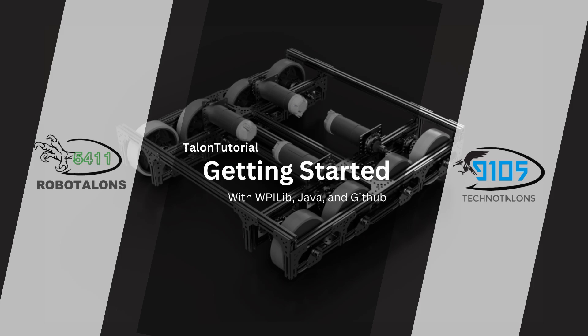Hello, welcome to the first ever episode of Talent Tutorials, brought to you by team 5411 and 9105, Prosper Engineering, hopefully a third team coming soon as well. Here I'm going to be showing you guys how to get started on WPILib, Java, GitHub, everything you need to get started on programming, and especially to follow along with the tutorials in this course.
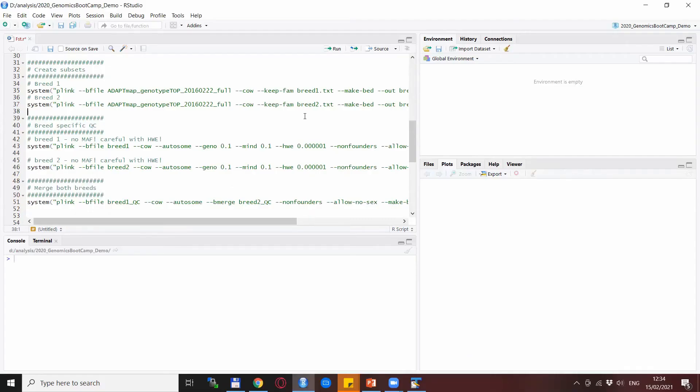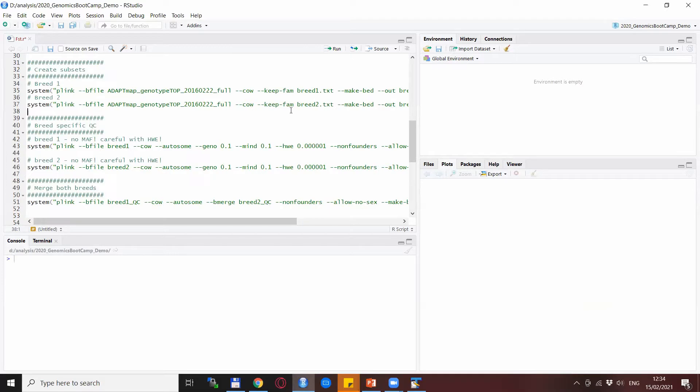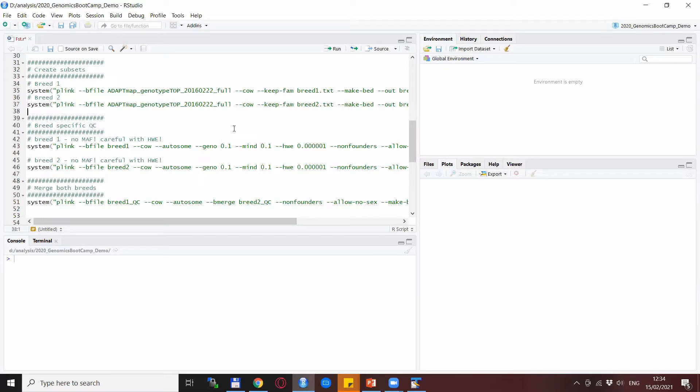We will continue with the quality control, and here I would underline that the quality control must be done for the two breeds separately and also that we should not use MAF and we will be very careful with Hardy-Weinberg. We definitely should not do the quality control for the two breeds together.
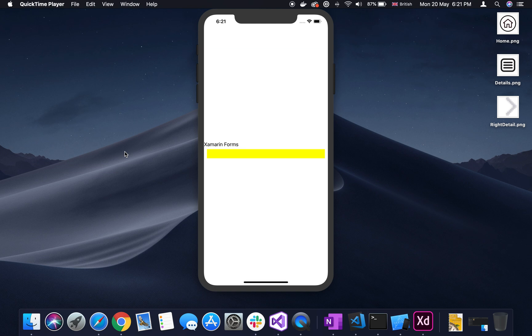Hi friends, welcome. In this video, we will create a user control in the yellow box. We will see how we use it on the web page.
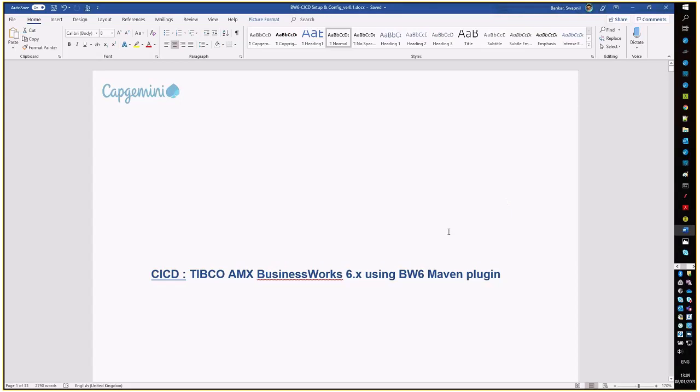Hello team, today we are going to discuss the CI-CD pipeline for Tibco AMX Business Works 6 using BW6 Maven plugin.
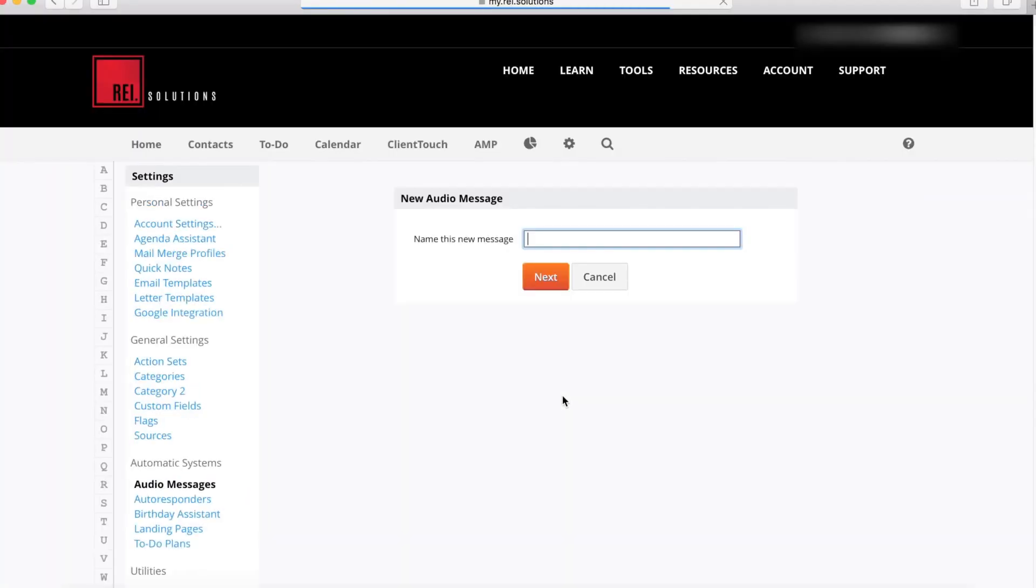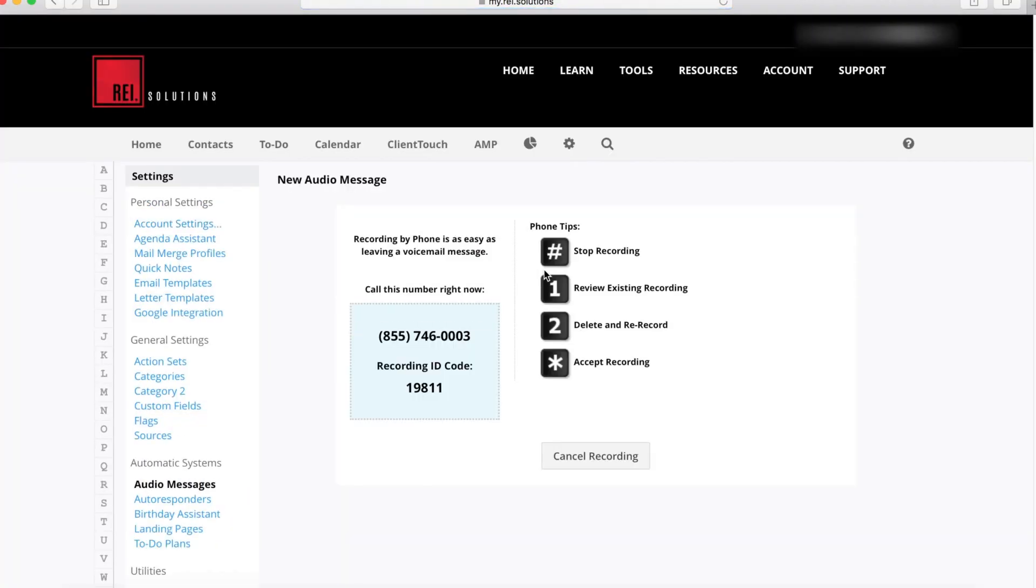We'll name the new message "New Message," click Next, and here are the instructions for recording your new greeting. Once you've got that set up, you can activate that greeting and apply it to any number of extensions.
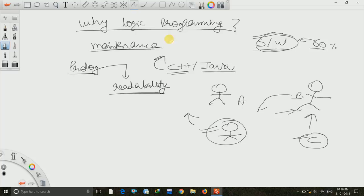So this is why we should use logic programming instead of conventional programming languages — and this is just one field. Other applications of logic programming include distributed databases, air traffic control, multimedia, and so on. In our next lecture we will see the introduction to Prolog and then move on to questions on Prolog. Stick to our channel to see all the Prolog videos. Thank you.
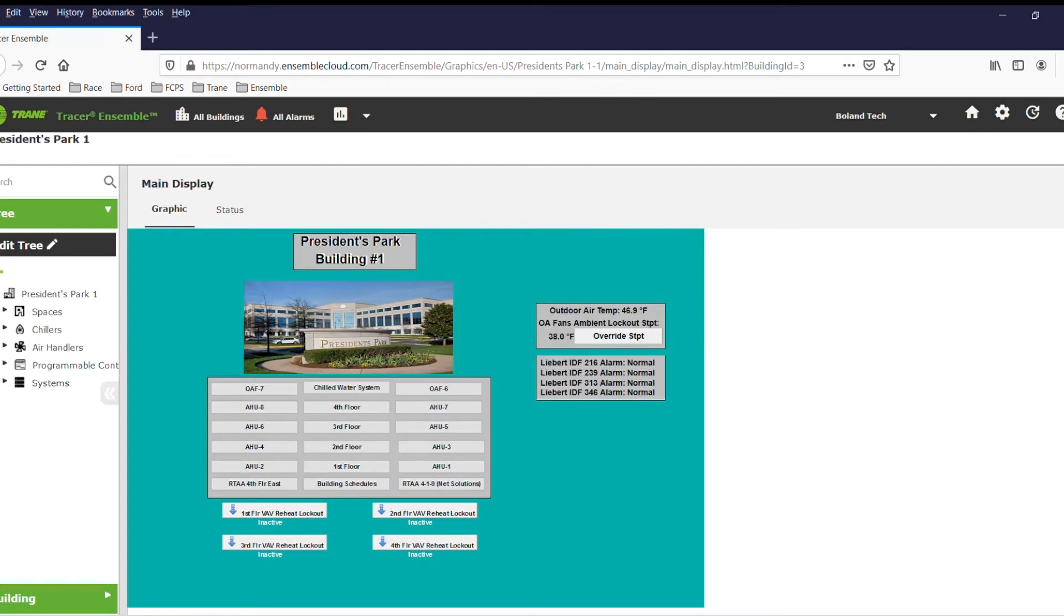If you have areas of your building that are not currently occupied, you may wish to edit the schedules to prevent equipment from running.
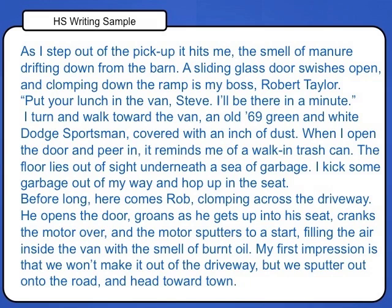When I open the door and peer in, it reminds me of a walk-in trash can. The floor lies out of sight underneath a sea of garbage. I kick some garbage out of my way and hop up in the seat. Before long, here comes Rob, clomping across the driveway. He opens the door, groans as he gets up into his seat, cranks the motor over, and the motor sputters to a start, filling the air inside the van with the smell of burnt oil. My first impression is that we won't make it out of the driveway, but we sputter out onto the road and head toward town.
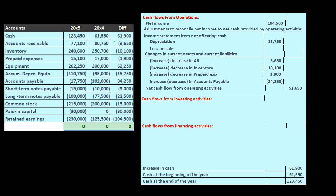We're going to go back and make adjustments. We found a home for the difference in cash, then accounts receivable, inventory, and prepaid expenses. We skipped equipment and went down to accounts payable to continue with the current assets and current liabilities. Now we're going to jump back to the equipment and add it to where it should go, which will be the investing activities.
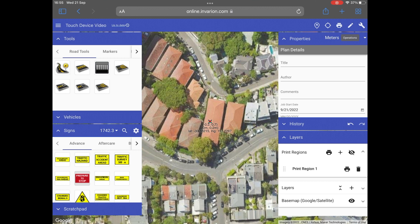Hi, Michael from Invarian here, and welcome to the tutorial for using RapidPlan Online on a touchscreen device. Using RapidPlan Online on an iPad or any touchscreen device makes it incredibly easy to create and edit traffic control plans when your team is out on the worksite. This tutorial will take you through some of the application's basic operations to help improve your usability on mobile devices.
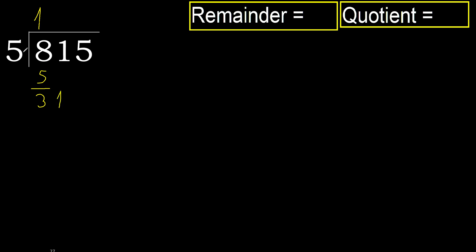5 multiplied by 7 is greater. 5 multiplied by 6, 30 is not greater. Subtract.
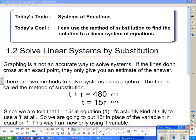Good day and welcome to DEES. Today's topic is systems of equations - we're going to be doing systems of equations for a while. Today's goal: I can use the method of substitution to find the solution to a linear system.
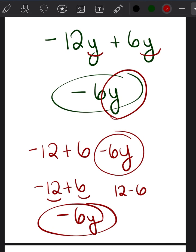That's how you combine like terms when one coefficient is positive and one is negative. First, figure out the variable — that's simple, because like terms share the same variable. Then look at the coefficients and combine them. If adding positive and negative numbers is easy for you, just add them and attach the variable. If it's difficult, use the trick I just taught you.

_____

▸ What is required:
What is needed is every entry written out word for word, with no pictures.

▸ Solution to this exercise:
Hello, welcome to the first ever episode of Talent Tutorials, brought to you by team 5411 and 9105, Prosper Engineering, hopefully a third team coming soon as well. Here I'm going to be showing you guys how to get started on WPILib, Java, GitHub, everything you need to get started on programming, and especially to follow along with the tutorials in this course.
We will continue with the quality control, and here I would underline that the quality control must be done for the two breeds separately and also that we should not use MAF and we will be very careful with Hardy-Weinberg. We definitely should not do the quality control for the two breeds together.
Hi friends, welcome. In this video, we will create a user control in the yellow box. We will see how we use it on the web page.
Hello team, today we are going to discuss the CI-CD pipeline for Tibco AMX Business Works 6 using BW6 Maven plugin.
We'll name the new message "New Message," click Next, and here are the instructions for recording your new greeting. Once you've got that set up, you can activate that greeting and apply it to any number of extensions.
So this is why we should use logic programming instead of conventional programming languages — and this is just one field. Other applications of logic programming include distributed databases, air traffic control, multimedia, and so on. In our next lecture we will see the introduction to Prolog and then move on to questions on Prolog. Stick to our channel to see all the Prolog videos. Thank you.
If you have areas of your building that are not currently occupied, you may wish to edit the schedules to prevent equipment from running.
When I open the door and peer in, it reminds me of a walk-in trash can. The floor lies out of sight underneath a sea of garbage. I kick some garbage out of my way and hop up in the seat. Before long, here comes Rob, clomping across the driveway. He opens the door, groans as he gets up into his seat, cranks the motor over, and the motor sputters to a start, filling the air inside the van with the smell of burnt oil. My first impression is that we won't make it out of the driveway, but we sputter out onto the road and head toward town.
We're going to go back and make adjustments. We found a home for the difference in cash, then accounts receivable, inventory, and prepaid expenses. We skipped equipment and went down to accounts payable to continue with the current assets and current liabilities. Now we're going to jump back to the equipment and add it to where it should go, which will be the investing activities.
Hi, Michael from Invarian here, and welcome to the tutorial for using RapidPlan Online on a touchscreen device. Using RapidPlan Online on an iPad or any touchscreen device makes it incredibly easy to create and edit traffic control plans when your team is out on the worksite. This tutorial will take you through some of the application's basic operations to help improve your usability on mobile devices.
5 multiplied by 7 is greater. 5 multiplied by 6, 30 is not greater. Subtract.
Good day and welcome to DEES. Today's topic is systems of equations - we're going to be doing systems of equations for a while. Today's goal: I can use the method of substitution to find the solution to a linear system.
That's how you combine like terms when one coefficient is positive and one is negative. First, figure out the variable — that's simple, because like terms share the same variable. Then look at the coefficients and combine them. If adding positive and negative numbers is easy for you, just add them and attach the variable. If it's difficult, use the trick I just taught you.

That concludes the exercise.